◆ **Problem details**
Copy task. Retype the whole listing exactly, omitting any picture in it.

◆ **Exercise material**
━━━━

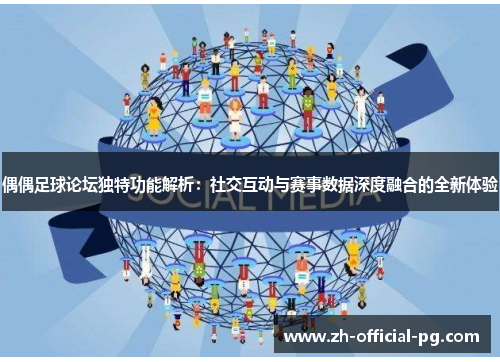 偶偶足球论坛独特功能解析：社交互动与赛事数据深度融合的全新体验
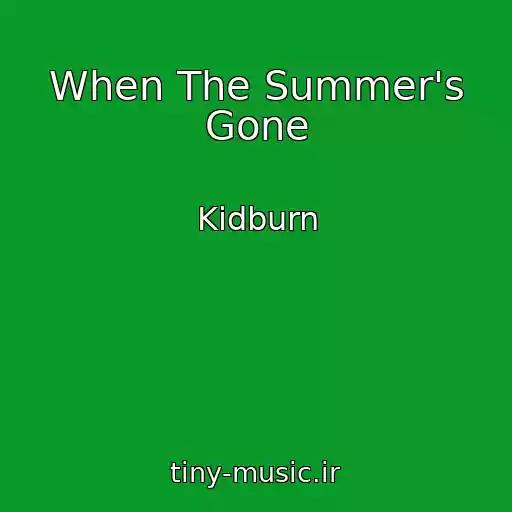 کاور آهنگ When The Summer's Gone از Kidburn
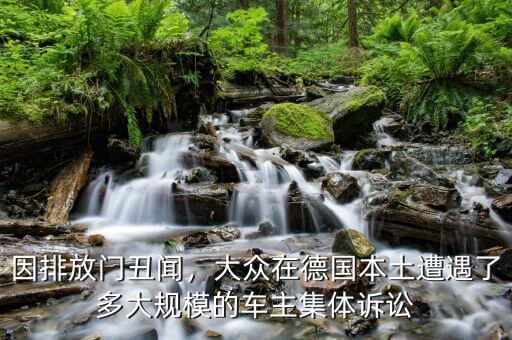 因排放門丑聞，大眾在德國本土遭遇了多大規(guī)模的車主集體訴訟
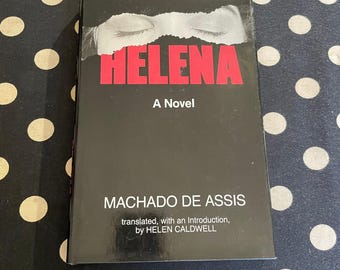 Helena by Joaquim Maria Machado de Assis 1984 UC Press Hardcover First Edition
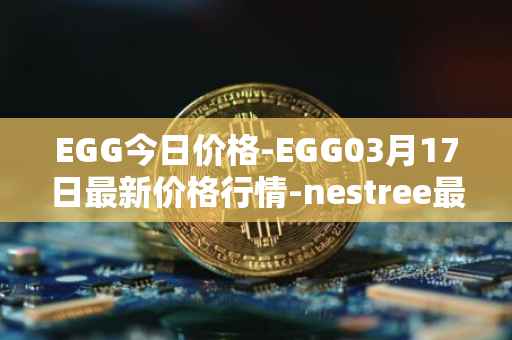 EGG今日价格-EGG03月17日最新价格行情-nestree最新走势消息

━━━━

◆ **Answer to this exercise**
 偶偶足球论坛独特功能解析：社交互动与赛事数据深度融合的全新体验
 کاور آهنگ When The Summer's Gone از Kidburn
 因排放門丑聞，大眾在德國本土遭遇了多大規(guī)模的車主集體訴訟
 Helena by Joaquim Maria Machado de Assis 1984 UC Press Hardcover First Edition
 EGG今日价格-EGG03月17日最新价格行情-nestree最新走势消息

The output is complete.